_WHAT NEEDS TO BE DONE_
All pictures are to be excluded when the data below is output verbatim.

_INFORMATION PROVIDED_
▼

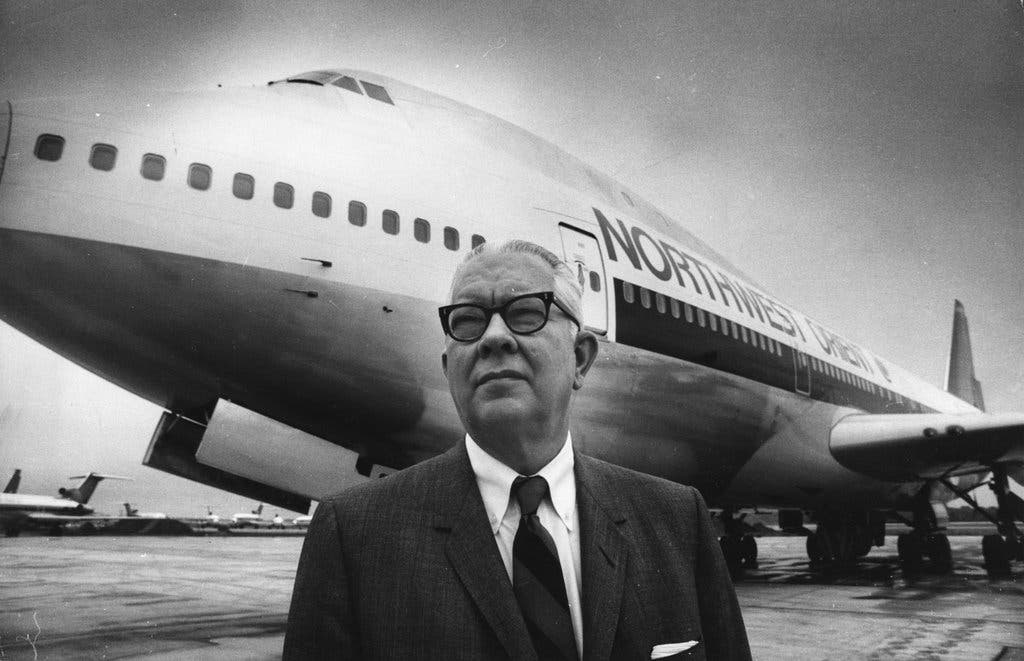 Почему в пассажирском самолёте нет парашютов - свежие новости на Toplenta по теме Известны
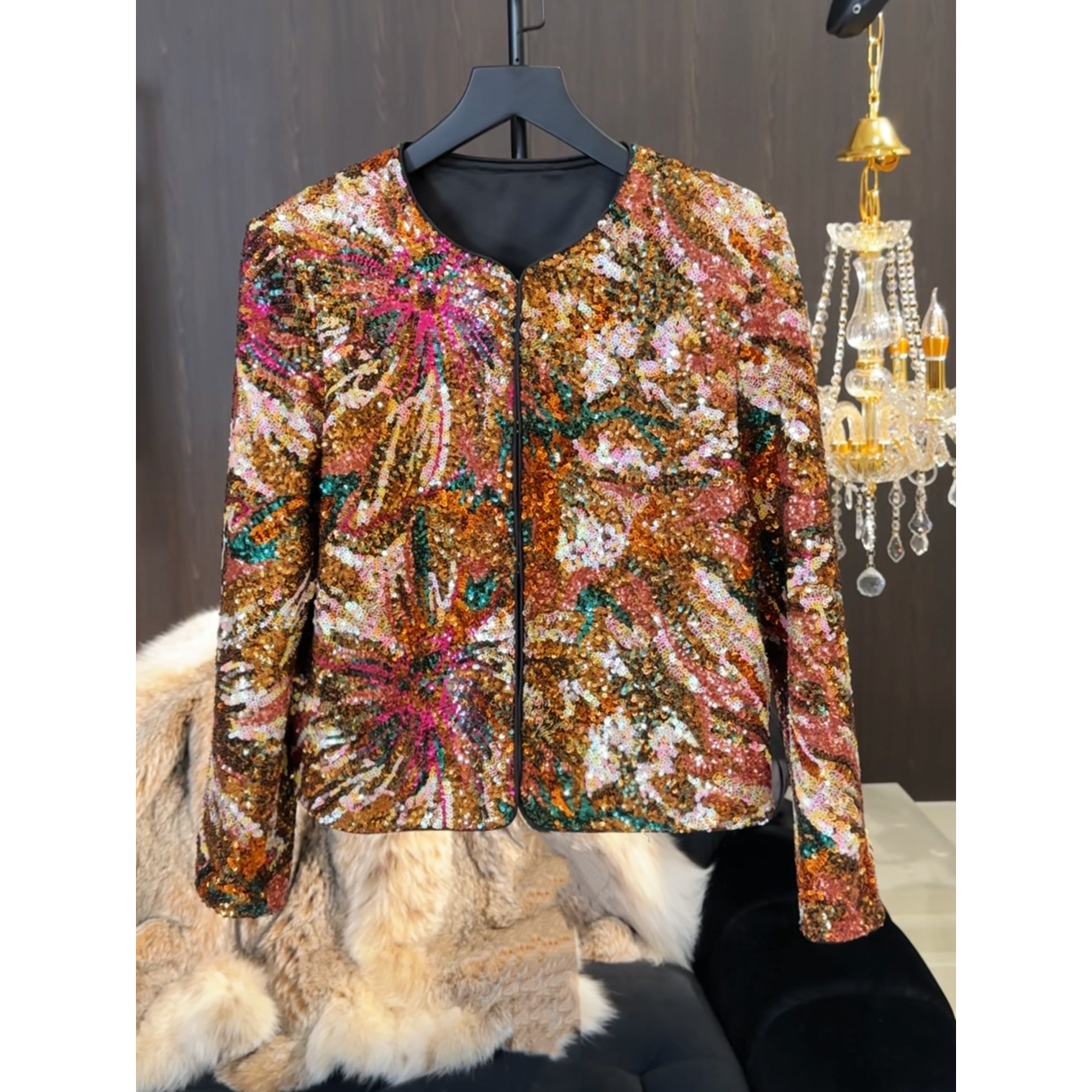 刘熊熊MCMAX混彩色珠片绣短外套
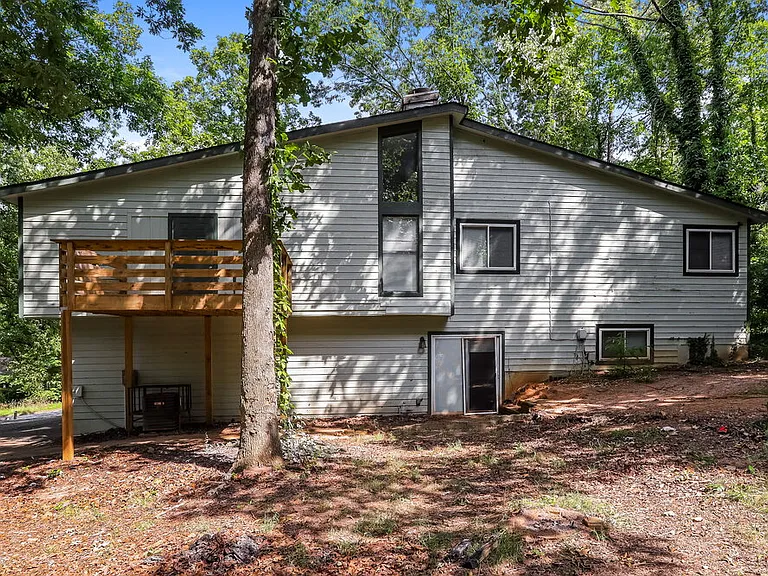 6651 Windwood Cir — Photo 16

▲

_PROBLEM SOLUTION_
 Почему в пассажирском самолёте нет парашютов - свежие новости на Toplenta по теме Известны
 刘熊熊MCMAX混彩色珠片绣短外套
 6651 Windwood Cir — Photo 16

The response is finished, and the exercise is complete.